Dataset excerpts
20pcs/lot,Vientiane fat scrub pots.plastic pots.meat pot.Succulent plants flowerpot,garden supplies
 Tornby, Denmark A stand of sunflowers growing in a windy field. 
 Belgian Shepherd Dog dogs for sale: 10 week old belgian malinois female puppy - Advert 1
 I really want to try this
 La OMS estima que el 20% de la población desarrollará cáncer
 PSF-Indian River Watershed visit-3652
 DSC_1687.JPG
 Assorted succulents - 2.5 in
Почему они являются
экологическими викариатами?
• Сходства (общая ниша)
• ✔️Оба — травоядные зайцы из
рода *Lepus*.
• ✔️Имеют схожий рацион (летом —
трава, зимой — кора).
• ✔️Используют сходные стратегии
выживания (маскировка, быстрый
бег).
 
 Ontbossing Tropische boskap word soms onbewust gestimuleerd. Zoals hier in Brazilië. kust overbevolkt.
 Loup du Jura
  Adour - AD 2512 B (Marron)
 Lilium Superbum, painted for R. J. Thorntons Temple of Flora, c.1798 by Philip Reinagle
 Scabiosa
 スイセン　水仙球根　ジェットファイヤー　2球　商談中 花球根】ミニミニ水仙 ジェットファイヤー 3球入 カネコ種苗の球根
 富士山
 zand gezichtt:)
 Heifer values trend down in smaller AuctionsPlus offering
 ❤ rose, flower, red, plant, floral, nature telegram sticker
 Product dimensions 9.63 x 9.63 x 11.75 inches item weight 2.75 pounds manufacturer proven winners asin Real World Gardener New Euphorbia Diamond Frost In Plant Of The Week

- **Task prompt**:
Only the lines above from the line containing "Heifer values trend" through the line containing "nature telegram sticker" should be retyped, exactly and with both ends included.

- **Answer to this exercise**:
 Heifer values trend down in smaller AuctionsPlus offering
 ❤ rose, flower, red, plant, floral, nature telegram sticker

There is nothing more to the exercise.